Политический анализ тем, представляющих наибольший интеллектуальный интерес в Советском Союзе, по-видимому, привел бы, хотя и не в столь явной форме, как в случае с политической экономией, к тем же исходным моментам – желанию исправить ошибки, допущенные Октябрем, поиску закономерностей и объективных темпов развития, причем главным образом там, где оно представляется совершенно лишенным всякой рациональности, попыткам дать широкие функциональные описания социальной реальности. Все это входит в «эпистему» советской интеллигенции, очерчивает в целом ее горизонт. Феноменологические исследования Л. Выготского в области рациональной психологии, основанные на изучении доречевых семантических элементов, работы школы Бахтина в области социологии литературы, триумф формализма на протяжении всего этого периода, весьма многообещающие первые попытки моделирования планов и первые формулировки «формальной и праксеологической базы»[106]

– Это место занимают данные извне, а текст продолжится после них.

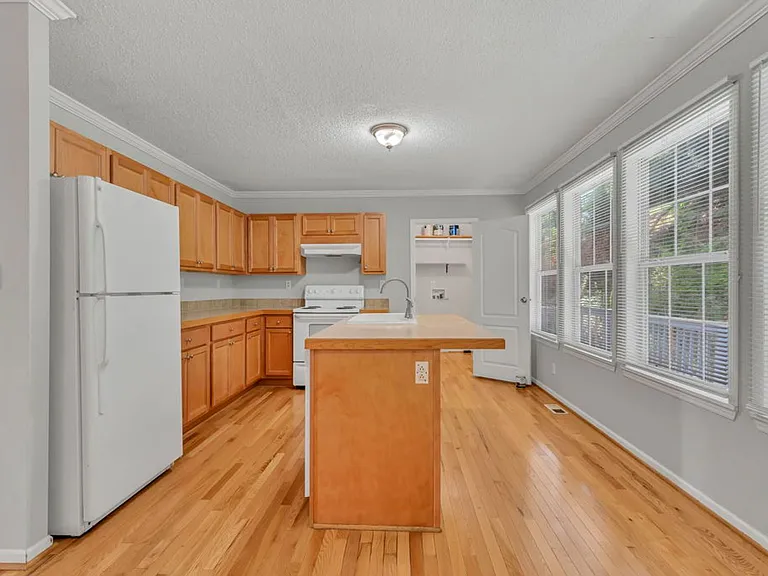 1386 Buck Mountain Rd — Photo 37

экономики, открывшие путь эконометрики (Случк, 1926 год), являются звеньями единого и последовательного процесса революционной модернизации социальной мысли, который впоследствии в России уже не возобновлялся[107]. Однако при этом следует оговориться, что уцелевшие в пертурбациях объекты исследований рационального в советской действительности всегда встречали отрицательное или пренебрежительное отношение со стороны политической власти, к ним относились: крестьянский фольклор (работы Владимира Проппа), сельскохозяйственный рынок с его системой объективно складывающихся цен (труды Кондратьева и Фельдмана), история русской интеллигенции и ее места в жизни нации (исследования Тынянова и Шкловского), оптимизация производства в обществе, характеризующаяся высокими темпами технического развития (работы Канторовича), критическая теория литературных утопий и разговорного языка (труды Бахтина и его школы).Можно было бы еще немало сказать об этой основной ориентации советской культуры, в частности о нередко скрытой функции, выполнявшейся ею в течение некоторого периода и заключавшейся в преобразовании подхода интеллигенции к иррациональности своего государства. Именно она гораздо полнее, чем «диссидентство» второй половины 60-х годов, отражала наиболее глубокие тенденции общества, направленные на позитивную перестройку взаимосвязи между политикой и идеологией. Чтобы увидеть ее символику, достаточно обратить внимание на решающее значение, которое ее ведущие представители придавали ценности человеческой жизни – как своей собственной, так и чужой, – что проявлялось в тактической осторожности перед лицом власти и в отказе от революционного романтизма (Пастернак в этом отношении – наилучший пример). Что же касается результатов этой культурной революции, то весьма симптоматична относительно большая продолжительность жизни ее основных действующих лиц в условиях страны, где политические деятели, пользующиеся или пользовавшиеся статусом «великих старцев» (Молотов, Каганович, Поскребышев), оказываются всего лишь высокопоставленными убийцами.
2. Педагогика «простого человека».
Сталинская «картина мира»
Итак, мы попытались определить «сдвиги» и противоречия в сфере той идеологии, в рамках которой развивался и действовал советский марксизм. Здесь, с одной стороны, налицо личная власть Сталина, недостаточно правомочная и потому шаткая, способная выжить только ценой постоянных кризисов, и, с другой, общество, отвергающее большую часть положений комплексного проекта большевизма, но характеризующееся подлинно революционной динамикой в среде как крестьянства (вставшего на путь демократизации благодаря движению социалистов-революционеров, но сохранившего склонность к общинному фундаментализму)[108]
, так и интеллигенции, где основная постепенно утверждавшаяся тенденция сводима в общих чертах к тому, что можно определить скорее как рационализм, нежели как материализм, и скорее как функционализм, нежели как диалектику.С начала 20-х годов советский марксизм пребывает в поиске такого философского элемента опосредования, который позволил бы продумать, чего не хватает в отношениях между государством и народом и что обусловливает, таким образом, кровавый характер политических кризисов. В связи с этим доминирующие группы в сфере советской культуры и политики были вынуждены считаться с широким движением интеллектуальной и моральной перестройки общества особенно с того момента, когда смерть Сталина позволила начать не столь чреватый опасностями, как раньше, обмен мнениями между руководителями и руководимыми, а также публикацию ряда работ, относящихся к сталинскому периоду (по времени написания) или к послесталинскому (по дате публикации).